The other day I'd plucked a small unripe banana off the banana tree the grows a couple meters northeast of the northeast corner of our plunge pool. In recent days the banana had started turning yellow. Since I tend to prefer bananas that aren't all that ripe, today I decided to try eating the little thing. As I went to peel it, I could tell that it was not a conventional banana. With part of the peel removed, this impression was reinforced by a distinct dark brown layer between the banana itself and the peel. But I took a bite anyway. It was mealy, starchy, somewhat "planty," though not sweet at all. Perhaps it was a plantain. Initially I thought it wasn't a bad flavor, and I even convinced Gretchen to have some. (She immediately came to the conclusion that it tasted dreadful.) But by my second or third bite, I'd had more than enough.
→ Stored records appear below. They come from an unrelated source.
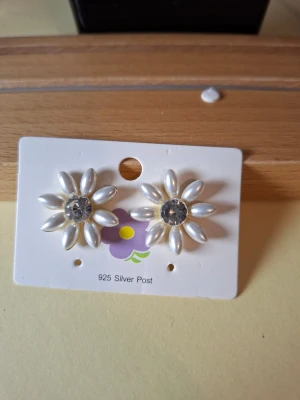 Blomformade örhängen med pärldetaljer - Fler fina accessoarer finns på min profil 💍  More exquisite accessories on my profile listings.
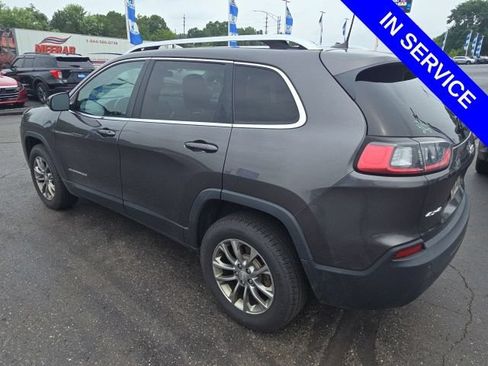 Used 2019 Jeep Cherokee Latitude Plus AWD/4WD image 6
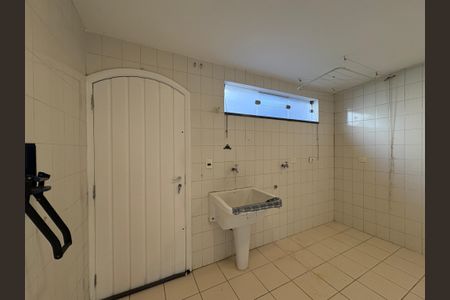 Casa à venda com 341m², 5 quartos e sem vagaÁrea de Serviço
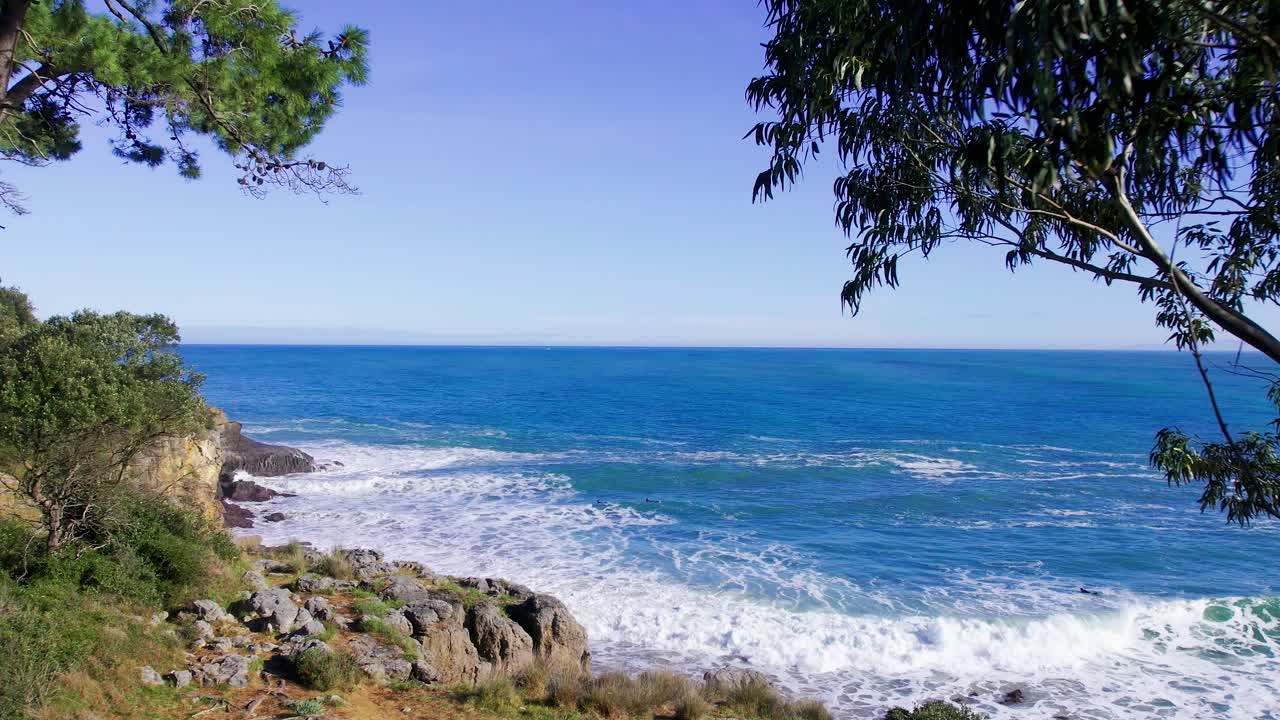 화창한 날 스페인 칸타브리아의 해변을 공중으로 밀어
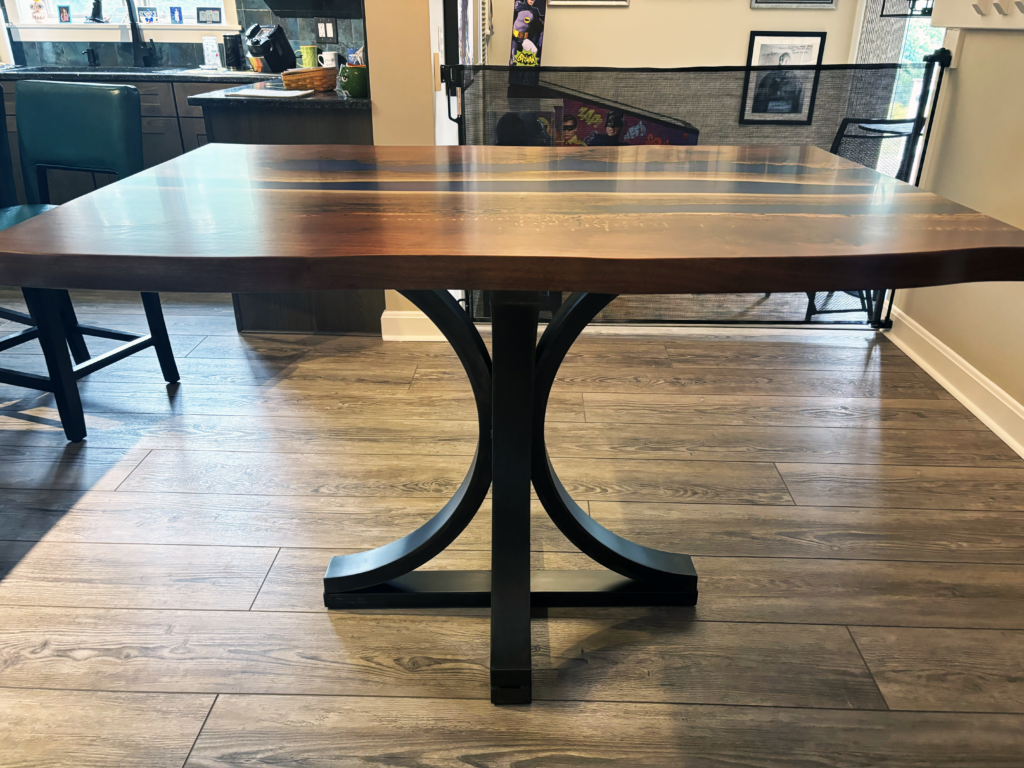 http://Walnut%20Kitchen%20Table%20With%20Deep%20Blue%20Epoxy%20Resin%205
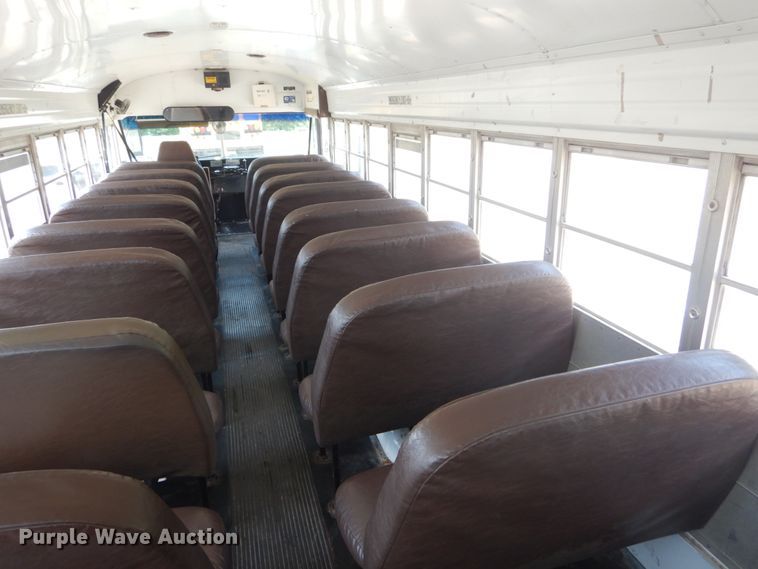 image for item GV9092 2000 Chevrolet B7 school bus
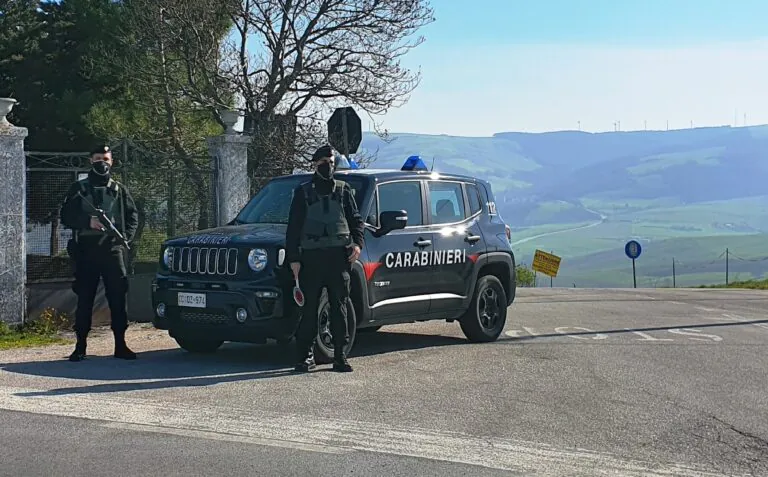 Strade sicure in provincia, 41 pattuglie in azione: blitz in 19 locali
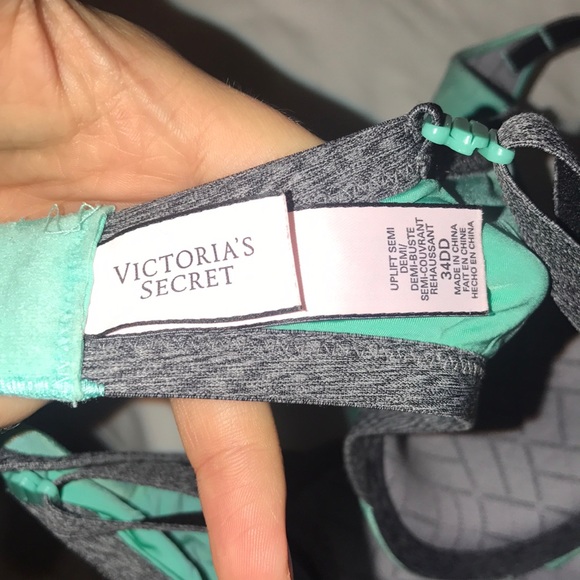 Victoria's Secret T-shirt bra - Picture 3 of 3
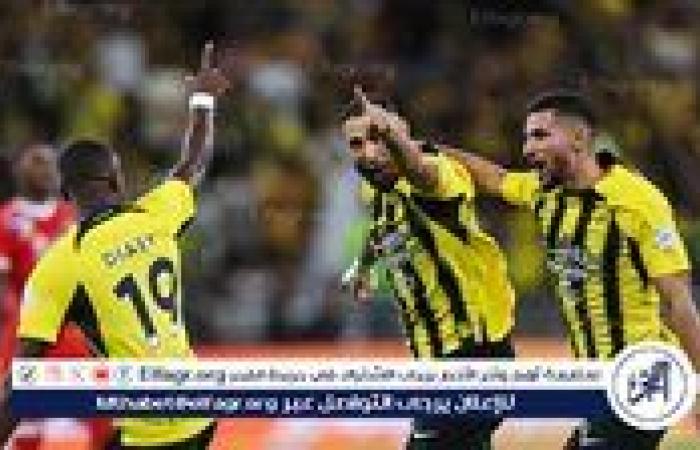 بنزيما يسجل هاتريك والاتحاد يكتسح الوحدة بسبعة أهداف في الدوري السعودي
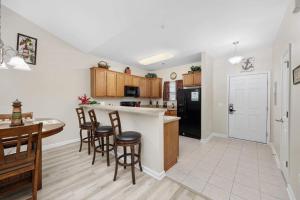 Spacious 2BR Retreat with Pool Access - Barefoot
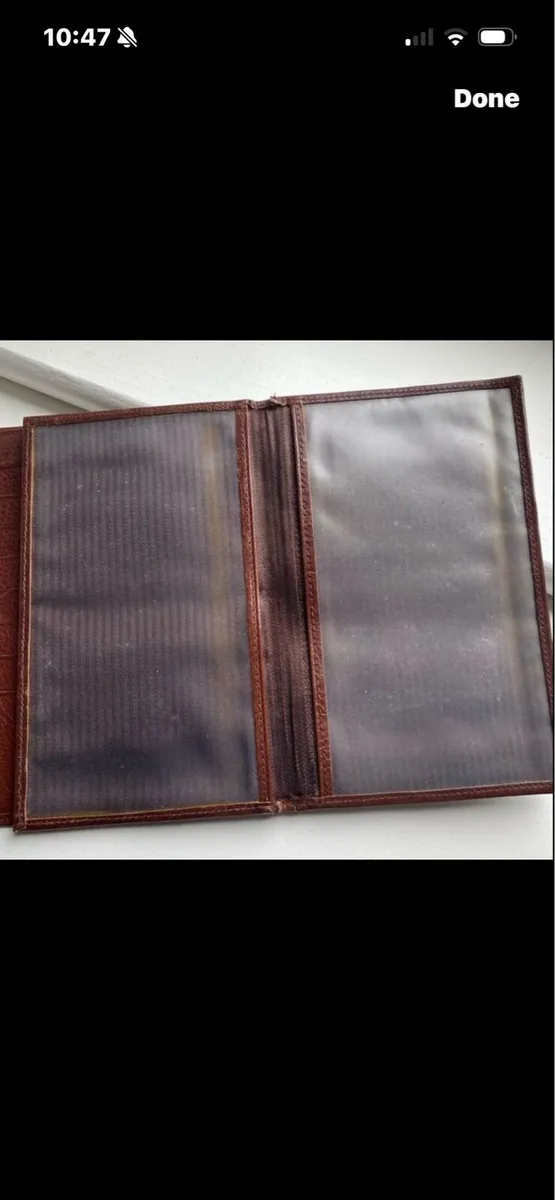 Quality Leather Travel Wallet - Image 4
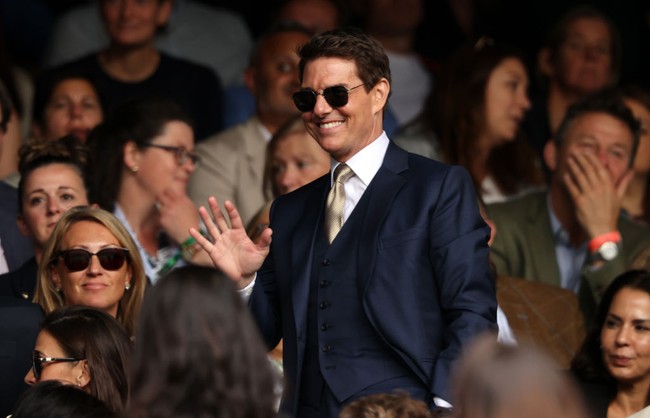 Pada Juli 2021, Tom Cruise terlihat dalam deretan bangku penonton pertandingan Wimbledon di Inggris. Foto: dok. Getty Images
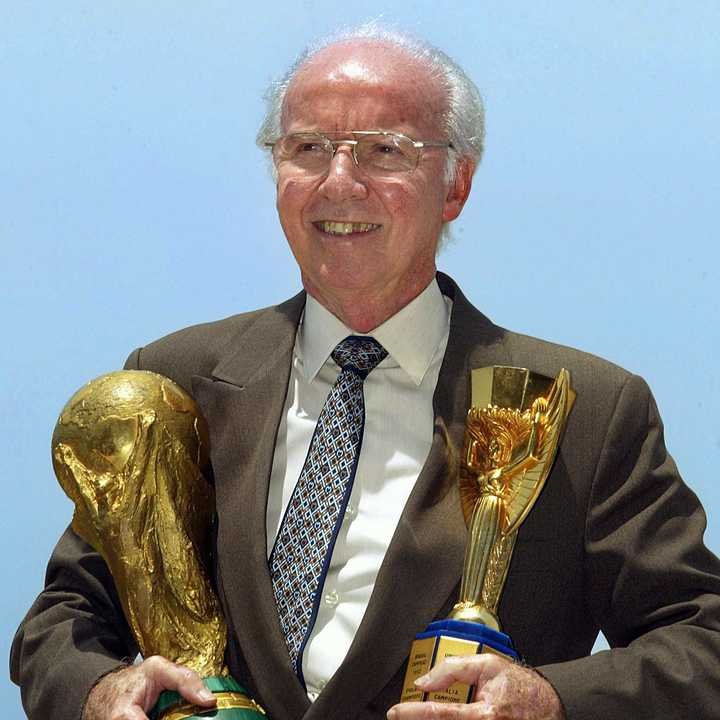 Mario Zagallo tient la coupe Jules Rimet (à droite) et le nouveau trophée de la Coupe du monde (à gauche), lors d'un shooting photo à Rio en mars 2003 (Brésil). (ANTONIO SCORZA / AFP)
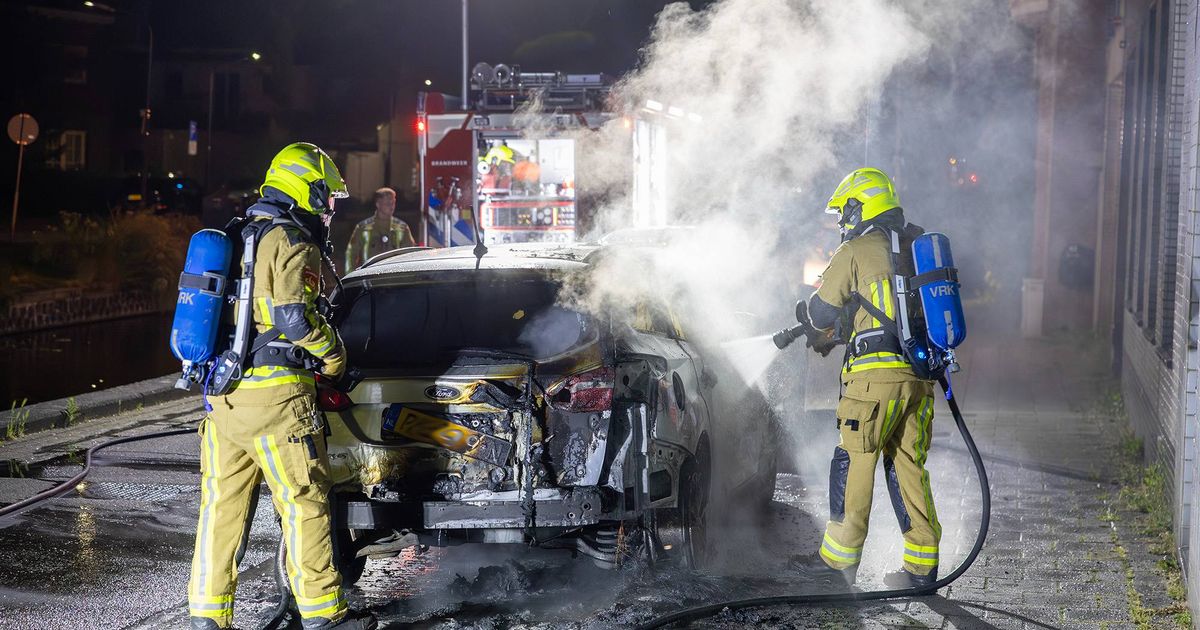 Voertuigbrand aan Brouwersvaart in Haarlem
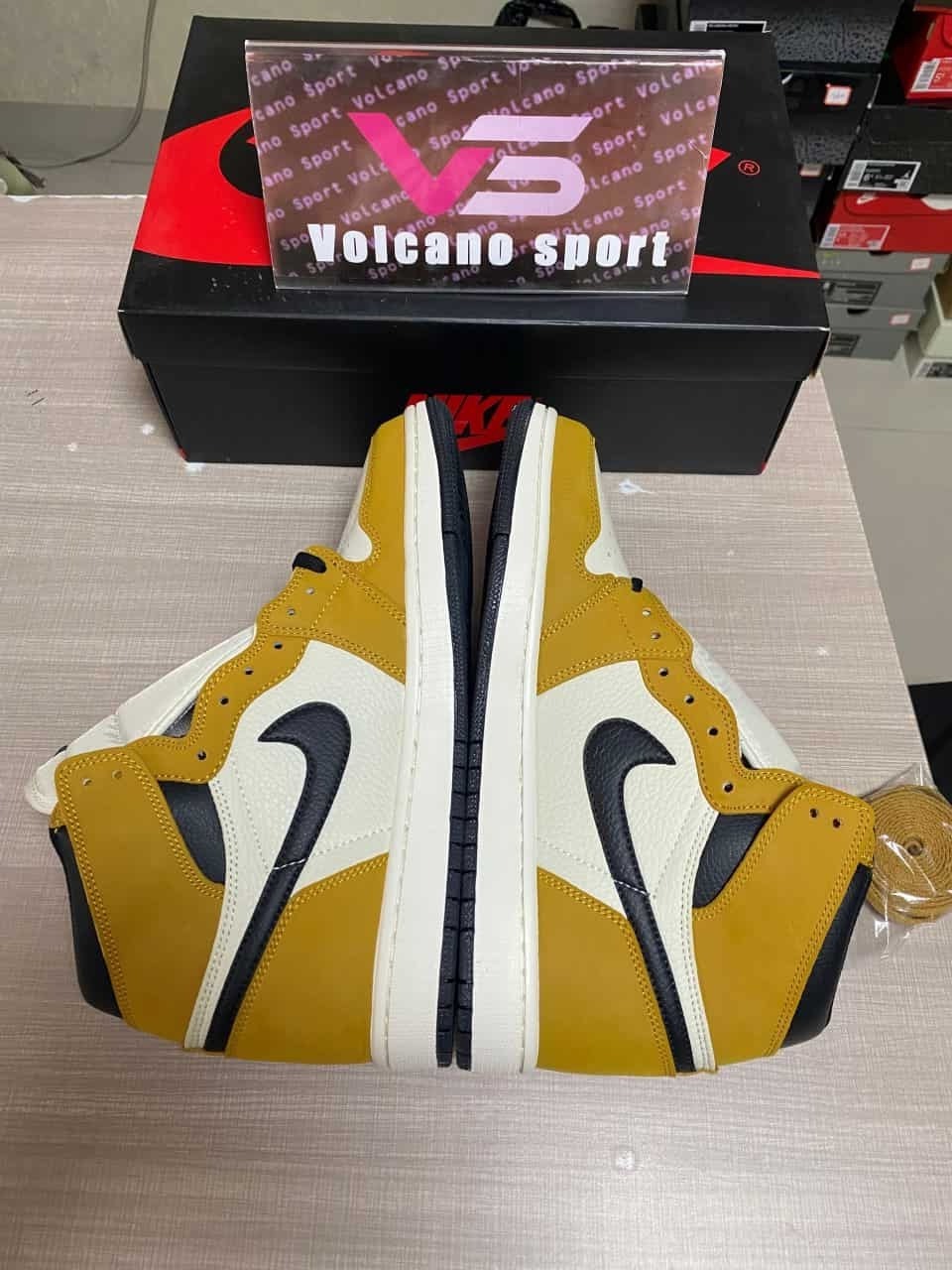 Jordan 1 Retro High Rookie of the Year 555088-700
Part of the problem was how slimy it all was and how hard it was to then get that flavor out of my mouth.
This evening Gretchen made an Asian dish with sauce made from peanut butter and canned tofu, which we ate with rice leftover from last night's Latino meal. It was a big success, especially considering that cooking here at the casita, with the supplies available in Costa Rica, is a little like cooking at a campsite.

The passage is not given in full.